Short text fragments from websites:
----
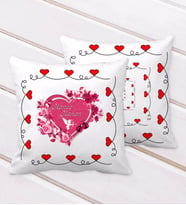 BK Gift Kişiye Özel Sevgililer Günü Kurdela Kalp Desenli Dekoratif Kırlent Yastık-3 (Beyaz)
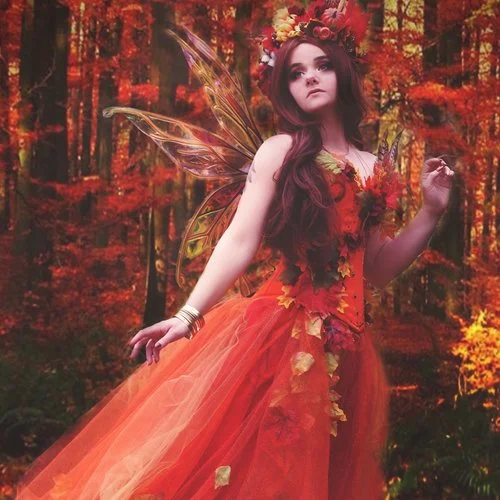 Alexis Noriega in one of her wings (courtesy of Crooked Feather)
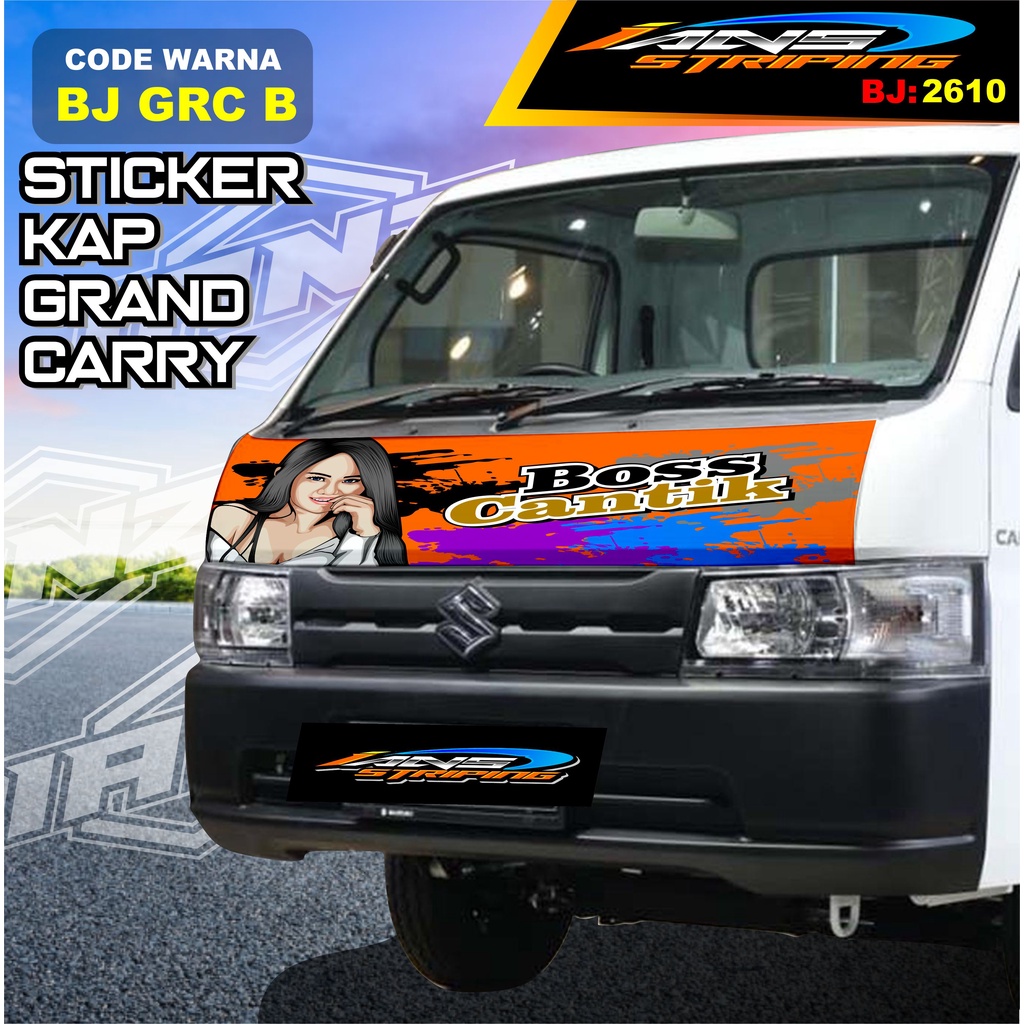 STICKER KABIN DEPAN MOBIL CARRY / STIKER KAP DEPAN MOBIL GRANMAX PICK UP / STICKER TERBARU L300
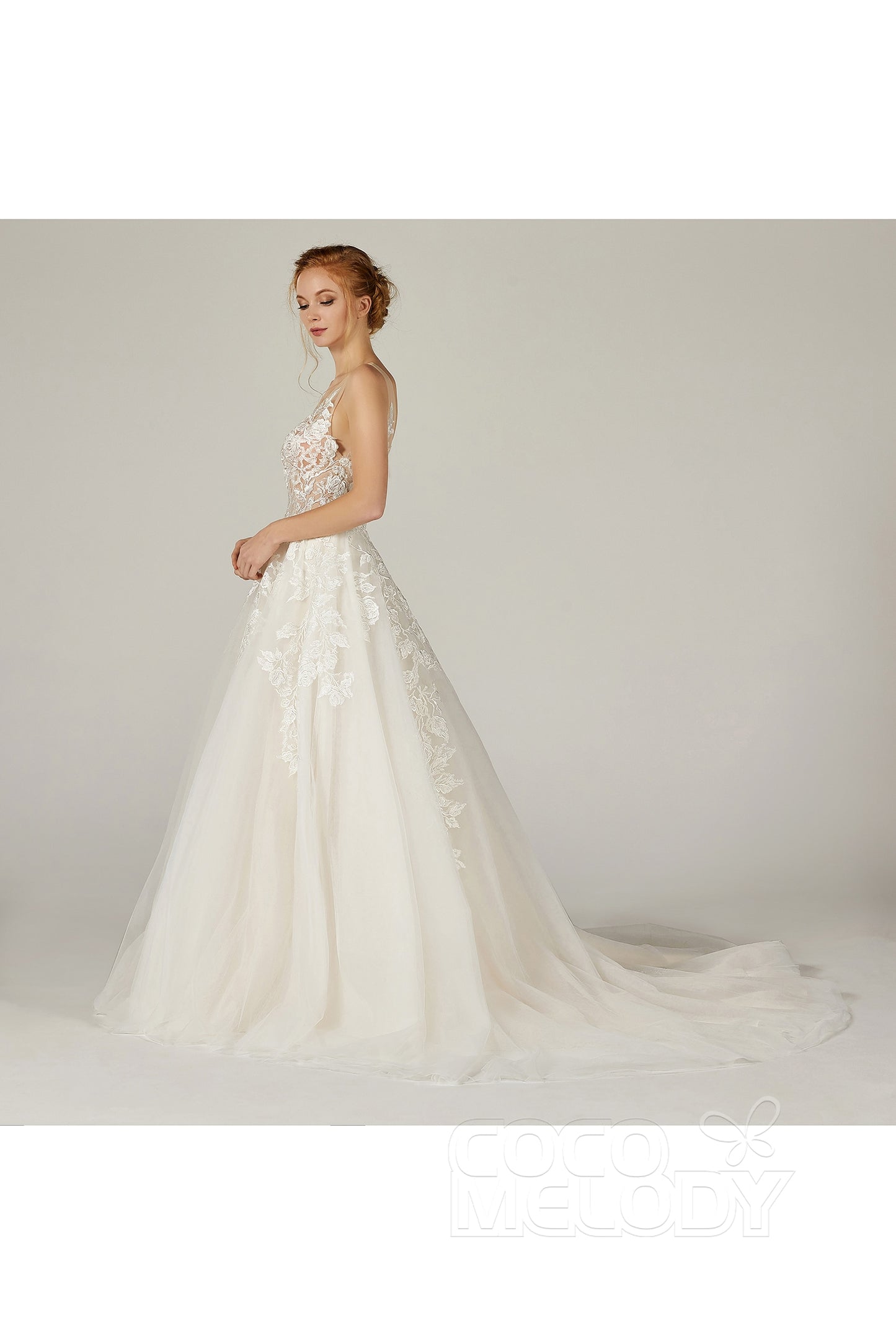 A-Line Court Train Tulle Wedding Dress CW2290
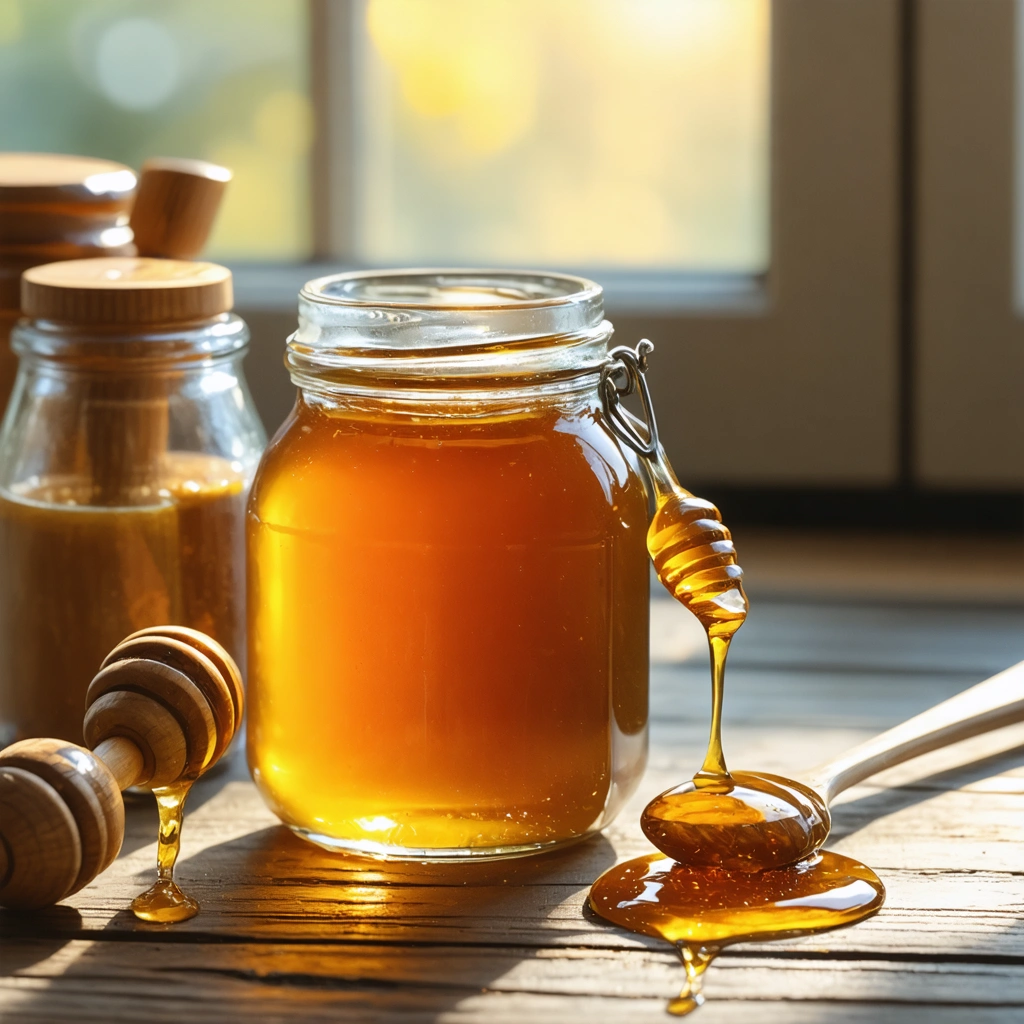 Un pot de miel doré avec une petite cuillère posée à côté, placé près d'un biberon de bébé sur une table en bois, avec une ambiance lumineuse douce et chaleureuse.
----
- [Your assignment]:
Copy the data character for character, but drop all pictures from the copy.

- [Solution to this task]:
 BK Gift Kişiye Özel Sevgililer Günü Kurdela Kalp Desenli Dekoratif Kırlent Yastık-3 (Beyaz)
 Alexis Noriega in one of her wings (courtesy of Crooked Feather)
 STICKER KABIN DEPAN MOBIL CARRY / STIKER KAP DEPAN MOBIL GRANMAX PICK UP / STICKER TERBARU L300
 A-Line Court Train Tulle Wedding Dress CW2290
 Un pot de miel doré avec une petite cuillère posée à côté, placé près d'un biberon de bébé sur une table en bois, avec une ambiance lumineuse douce et chaleureuse.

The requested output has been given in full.